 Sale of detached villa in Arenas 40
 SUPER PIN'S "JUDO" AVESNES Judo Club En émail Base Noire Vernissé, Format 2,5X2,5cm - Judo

○ ○ ○ ○ ○ ○ ○

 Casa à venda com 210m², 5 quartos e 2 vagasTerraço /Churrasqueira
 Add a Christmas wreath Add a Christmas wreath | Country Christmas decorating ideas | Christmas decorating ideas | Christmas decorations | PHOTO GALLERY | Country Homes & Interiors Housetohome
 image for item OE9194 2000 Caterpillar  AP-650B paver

○ ○ ○ ○ ○ ○ ○

### Task statement
Transcribe the records above from the line holding "Add a Christmas wreath Add" down to the line holding "image for item", inclusive, without adding anything.

### Written answer
 Add a Christmas wreath Add a Christmas wreath | Country Christmas decorating ideas | Christmas decorating ideas | Christmas decorations | PHOTO GALLERY | Country Homes & Interiors Housetohome
 image for item OE9194 2000 Caterpillar  AP-650B paver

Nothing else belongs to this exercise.